“Composers’ Orchestra Improvisatory Composition Workshop”, an event organised by the Composer’s Orchestra and Edinburgh College of Art. The Composer’s Orchestra is a society made up of composers who meet up regularly to perform each other’s work as an orchestra, students from across the University of Edinburgh were invited to take part in a day-long workshop which focused on “improvisation as a form of compositional method”. Beginning at 10am, the impressive fruits of the collaborative project were then shared much later at 6.30pm with a very lucky audience inside the Reid Music Hall. Music ranging from the weird to the wonderful and everything in between tickled the ears of the receptive audience.The musicians did not have any musical scores or notes before them, which they had to strictly adhere to. Instead, they had pictures and diagrams of illustrations and flow-chart-like arrows indicating the structure that the groups had created during the day’s workshop and in which the musicians could improvise during the show. The result was exciting and anything but conventional. The first group, aptly titled “The Origami Quintet”, used paper stuffed in their instruments to muffle and distort their sound and later microphones to experiment with feedback techniques. Another group reached inside into the heart of the piano to strike at the strings directly. The third collective even had an acted-out optical element to their performance in which one member went from instrument to instrument with a magnet, whacking odd bits and bobs, lying on the floor and engaging in call-and-response with the other instruments in the group. This emphasised the delightfully humorous angle of the show and the excitement in its unpredictability.
The end result of day’s collaborative improvisational compositions was an unusually eerie and thoroughly captivating cacophony of sound forged by the collective cawing and roaring of the musicians’ instruments.
Before the last piece of the night, which was an entertaining improvised performance including nearly all the members of the all the groups at once, a stimulating and inviting piece entitled “Hexeis” was played, which was written by Alex Cutteridge, a student studying for his masters in the Reid School of Music within the university, in the weeks leading up the event.
After the concert came to an end, I caught up with Alex to ask about a few things that had tickled my curiosity.

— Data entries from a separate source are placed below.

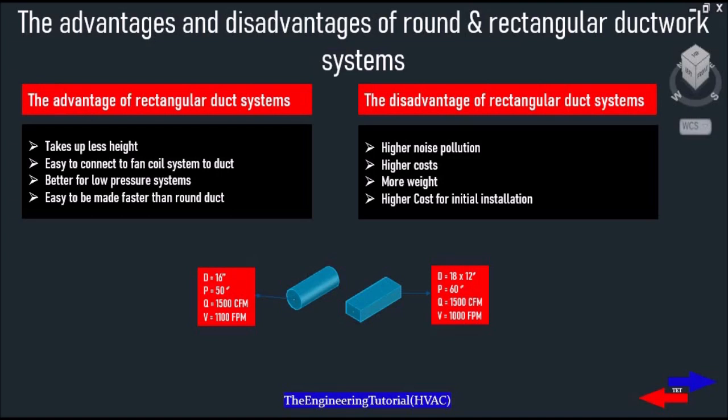Rectangular ducts are necessary whenever you've got a tight space that won't allow for the height of round ducts. Advantages of rectangular ductwork include: takes up less height, easy to connect to fan coil systems, better for low pressure systems, and easy to fabricate — faster than round duct.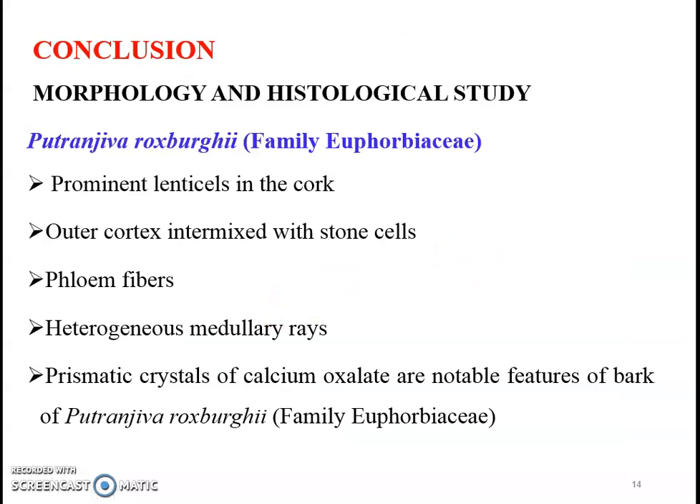Conclusion: Putranjiva-Rogsbergi of Euphorbiaceae is a commonly found tree of the tropical region. The taxon is reported to have various therapeutic properties and has been traditionally used to cure different ailments. The bark of this taxon had not been studied previously. Thus, the pharmacognostic and phytochemical study of the bark of Putranjiva has been carried out. Histological study of the bark reveals pericyclic parenchymatous bands of sclerides, flowing parenchyma, prismatic crystals of calcium oxalate, and heterogeneous medullary rays.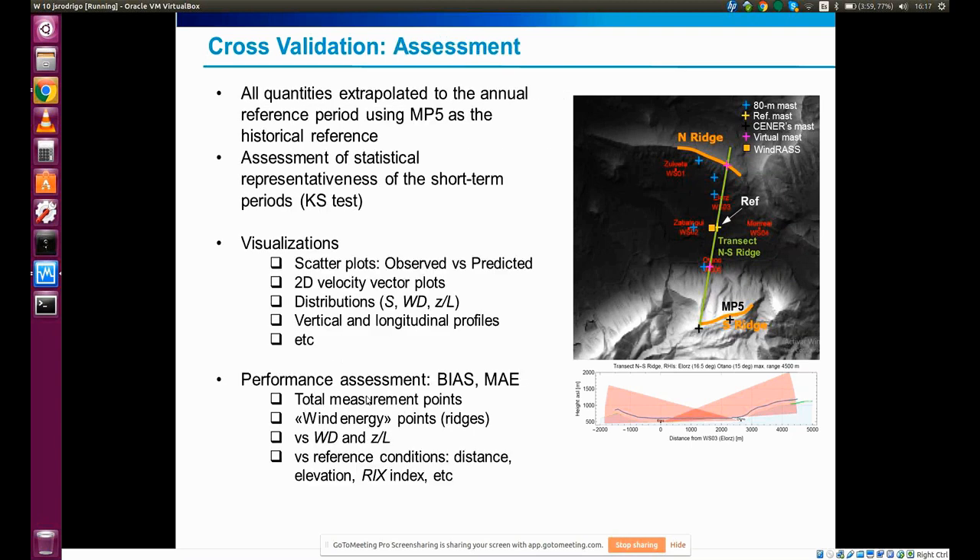Because different instruments were measuring during different periods — not all instruments measuring over a full year — we'll need to analyze how representative the statistics from these systems are compared to the long term. For the long term, we rely on the MP5 met mast at the test site, for which we have multiple years of data. The idea is to compare the probability density functions of the short-term campaigns of individual instruments with the long-term PDF of MP5, to assess whether mean quantities extracted are representative and infer the uncertainty associated with this lack of representativeness.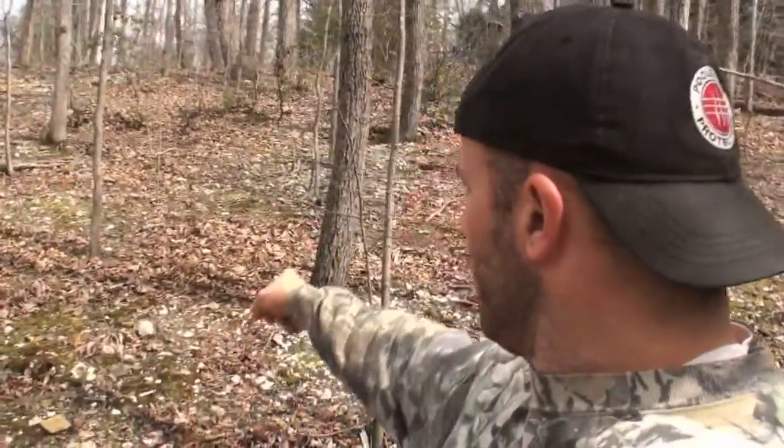Behind me here, the whole hill is just littered with broken quartz — I can see it all back there. And that wasn't done by Mother Nature; that was done by humans hundreds, probably thousands of years ago.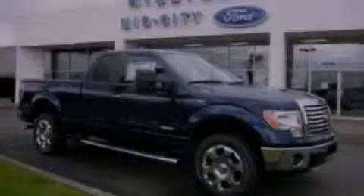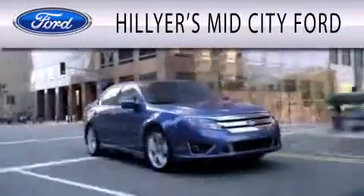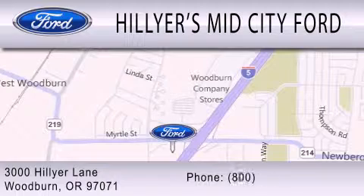Stop by today and test drive this automobile for yourself. Hillier's Mid-City Ford is dedicated to doing everything possible to ensure that the experience you have selecting your next vehicle is as pleasant as possible. We are located at 3000 Hillier Lane in Woodburn.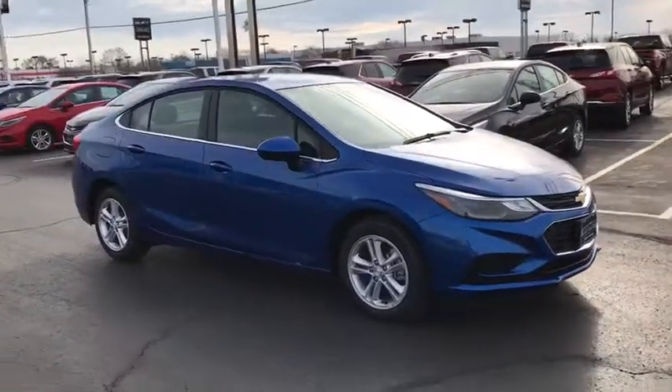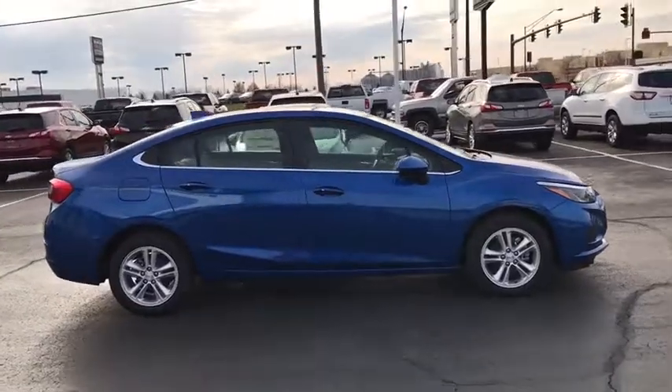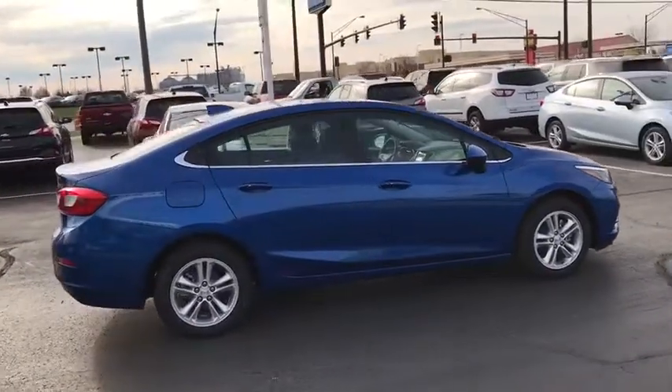Traction control. Dual airbags. Alloy wheels. Power steering. Four-wheel disc brakes. Security system. Compass. Rear window defroster.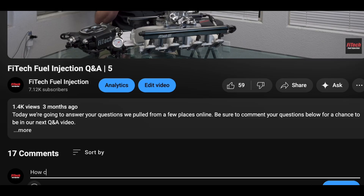Welcome back to another Q&A. We curated some of your questions on YouTube and we're going to answer them here for you. If you have a question that you want to ask, definitely comment them down below and maybe you'll be on one of the future Q&As.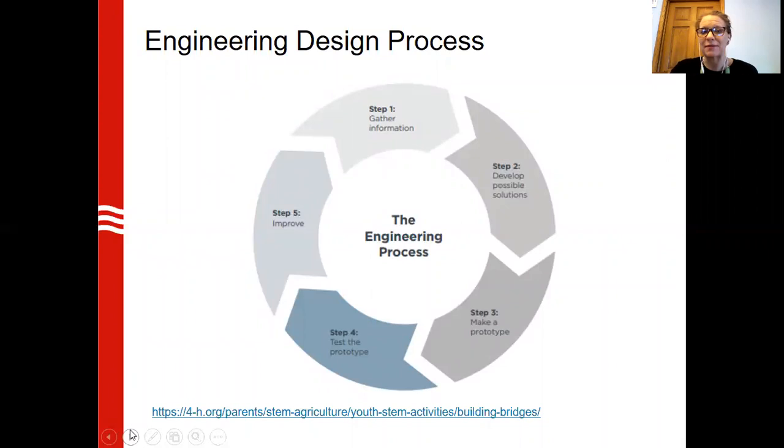This is the design engineering process. We gather information and we develop possible solutions. We make something and we test it, and then we improve it. This is a cyclical process — it goes from one step to the next over and over. It's iterative, meaning we can do it again and again. Today we're going to use this design engineering process to create solutions for problems we might encounter in a book.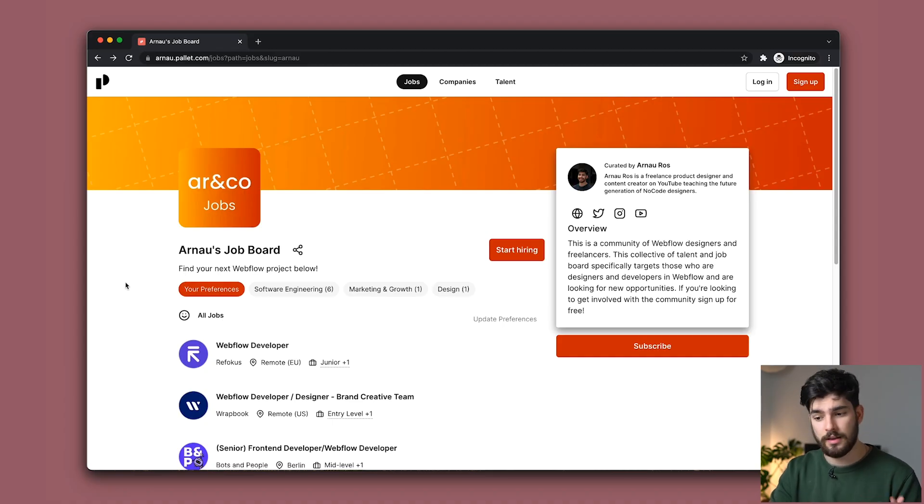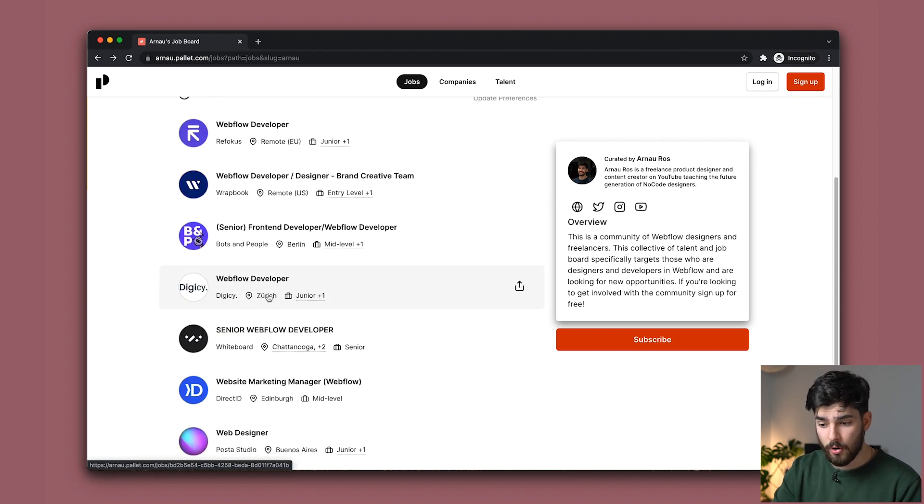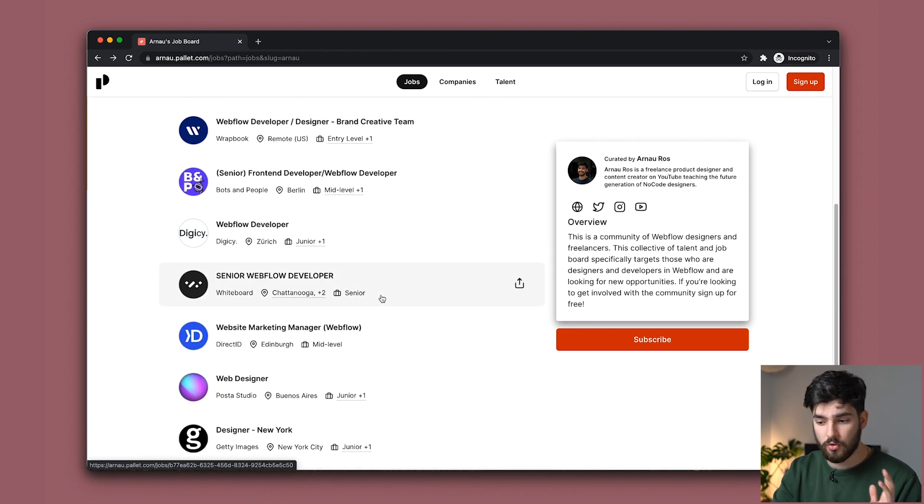Hey guys, just making a really quick video about this. I just made a Webflow job board that is specifically designed to help you get your next job. There are two parts to this. Number one is the job board, which is only catered to Webflow developers and designers. Some of them are remote, some are in person, some are junior to mid to senior — there's a little bit of everything. So go ahead and check out the job board and see if there's the next project for you.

He detailed how his piece was written, with reference to “instructions” of how to play “Hexeis”, which was more flow-chart than musical notes, and explained how, though the musicians were allowed room for improvisation, there was an underlying compositional structure in place. The impressively mind-boggling thing was that the piece could sound different each time, and had “three different endings” which were all equally possible. Asking Alex about the Composer’s Orchestra in general, he remarked how it was great society to be a part of, that “brings together” all manner of students from across the university.
Being introduced to this new way of approaching and thinking about music was a real treat, and one for which I have the talented members of the Composer’s Orchestra, and their Innovative Learning Week participants, to thank.